HMCS Cabot wharf collapsing into sink holes, set for demolition next year
Cost of demolition has yet to be determined, says DND spokesperson
After years of speculation, the Department of National Defence has confirmed a significant section of a naval reserve base in St. John's is set for demolition.
HMCS Cabot consists of two large buildings on the south side of St. John's harbour, with a long concrete wharf atop a jetty along the waterfront. According to DND, the buildings are not at risk, but the jetty is falling apart.
"The jetty is currently in poor condition, with some small areas of the jetty having collapsed into sink holes," said DND spokesperson Andrew McKelvey.
HMCS Cabot was originally located in the centre of St. John's but was moved to the harbourfront in 2000. The federal government spent about $16 million on the base, which sits partially atop a jetty constructed in 1978.
The jetty is made of steel boxes filled with rocks and gravel. As time passed, the boxes corroded and sediment spilled out, creating sink holes on the surface of the wharf. Some steel beams are visible along the edge of the wharf, in places where sediment is slipping away and water is coming up through.
"This has rendered much of the jetty unsafe and is blocked off from use with safety being of the utmost priority around this site," McKelvey said.
Ships to continue docking at private wharfs
The entire damaged area is fenced off, and nobody from the general public is allowed to enter.

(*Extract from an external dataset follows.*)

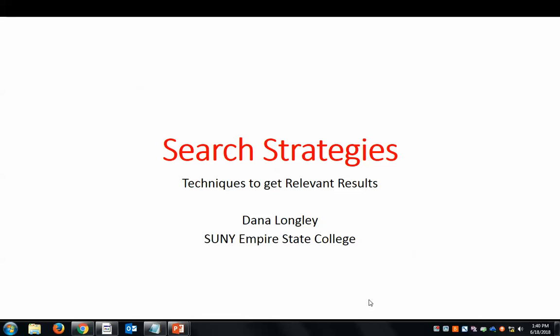Let's talk search strategies — what do you type into a search box to get good results? While there are lots of techniques out there, many are unnecessary or only work within specific search tools. This video will discuss three essential search techniques that are universal. They work just as well in Google as they do in a library database. As a librarian who has been in the field for almost 20 years, I can tell you that I almost never need to go beyond these three techniques.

When navy boats visit St. John's, the federal government pays to have them stationed at other piers around the harbour. For example, HMCS Windsor — a 230 foot submarine — spent some time in St. John's during the summer of 2021, and was docked at a popular spot along Harbour Drive.
McKelvey said that practice will continue, allowing the Canadian Forces to operate in St. John's without using the damaged wharf.
The buildings at HMCS Cabot are still in use, with cadet programs taking place twice a week.
A contract for the demolition will be awarded later this year, with the work slated to begin in 2023. McKelvey said the anticipated cost remains up in the air.
DND and the Canadian Coast Guard have yet to decide what to do with the site after demolition — whether to rebuild the wharf atop a new jetty, or continue docking boats elsewhere.